Assigned task:
Faithfully repeat each entry below, minus the pictures.
──────── Extracted records ────────
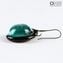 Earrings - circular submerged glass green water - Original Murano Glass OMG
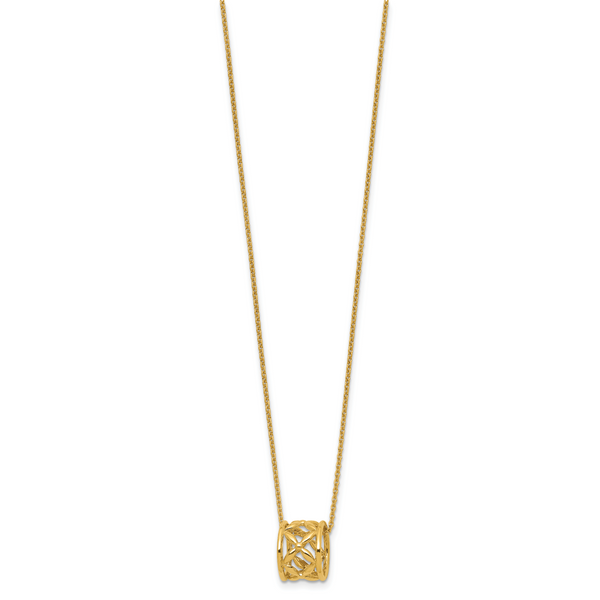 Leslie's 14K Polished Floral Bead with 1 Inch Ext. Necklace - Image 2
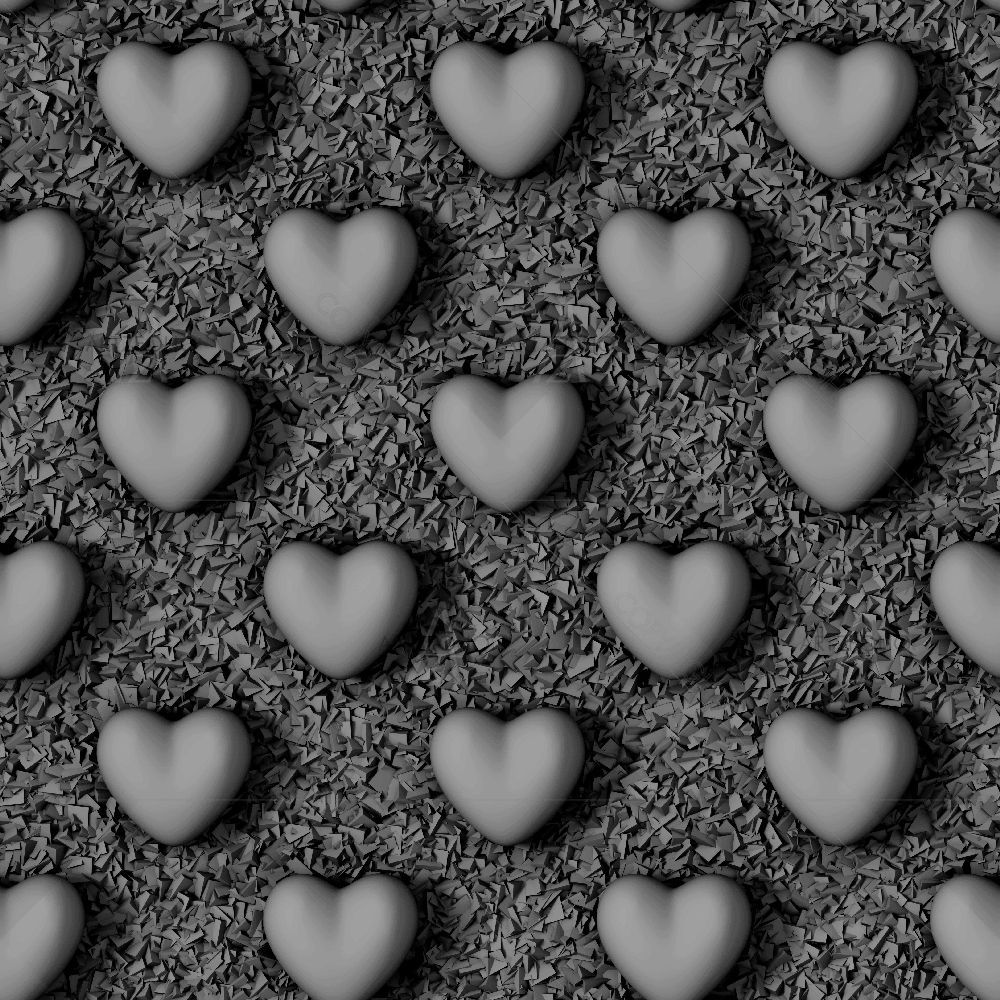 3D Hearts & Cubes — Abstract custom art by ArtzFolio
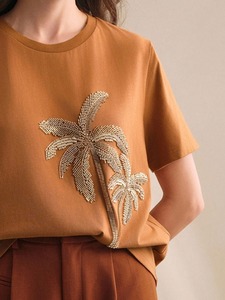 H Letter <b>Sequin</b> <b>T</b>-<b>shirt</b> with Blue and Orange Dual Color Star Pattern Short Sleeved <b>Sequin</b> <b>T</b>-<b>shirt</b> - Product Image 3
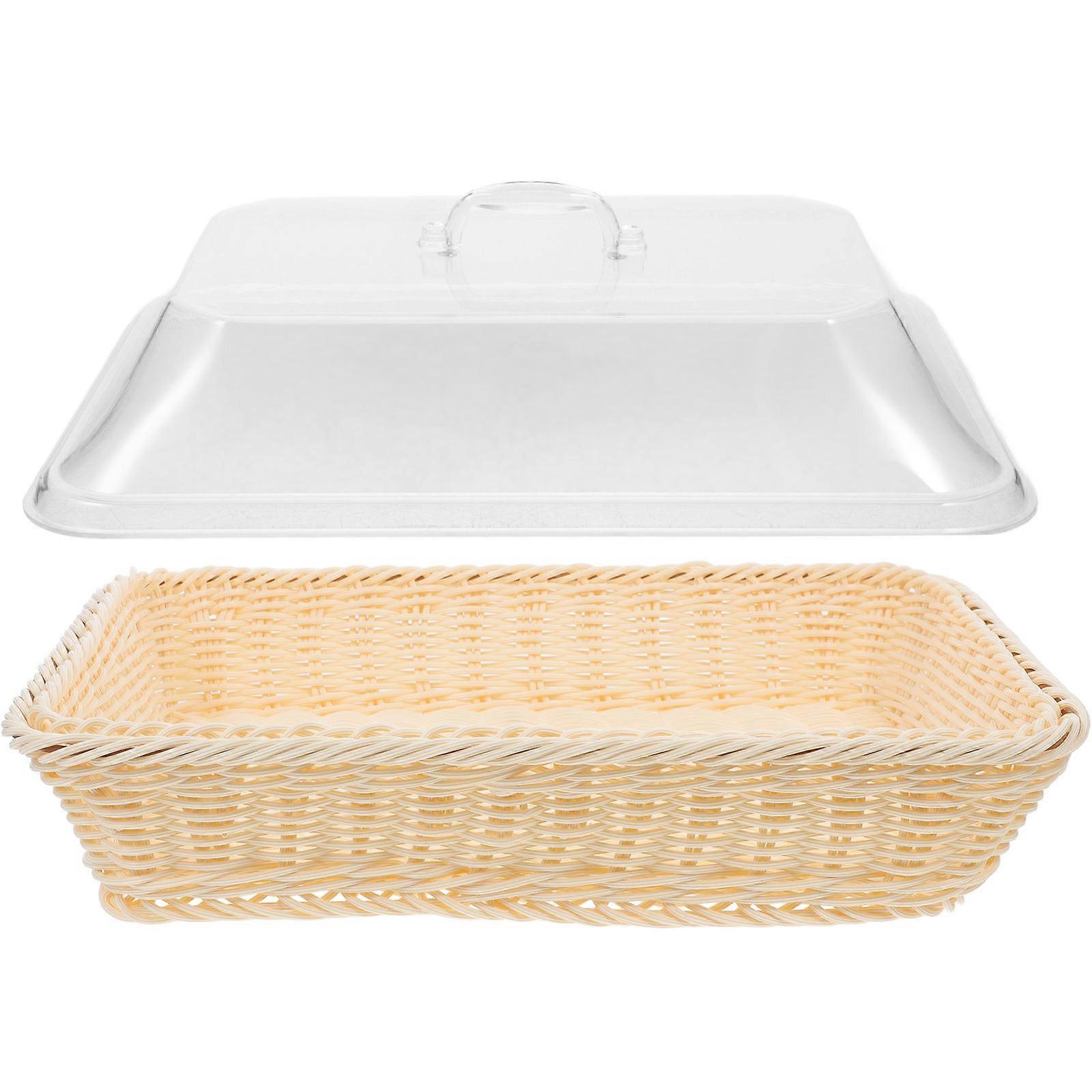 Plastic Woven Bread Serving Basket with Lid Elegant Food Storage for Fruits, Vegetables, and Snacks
────────
Solution for this task:
 Earrings - circular submerged glass green water - Original Murano Glass OMG
 Leslie's 14K Polished Floral Bead with 1 Inch Ext. Necklace - Image 2
 3D Hearts & Cubes — Abstract custom art by ArtzFolio
 H Letter <b>Sequin</b> <b>T</b>-<b>shirt</b> with Blue and Orange Dual Color Star Pattern Short Sleeved <b>Sequin</b> <b>T</b>-<b>shirt</b> - Product Image 3
 Plastic Woven Bread Serving Basket with Lid Elegant Food Storage for Fruits, Vegetables, and Snacks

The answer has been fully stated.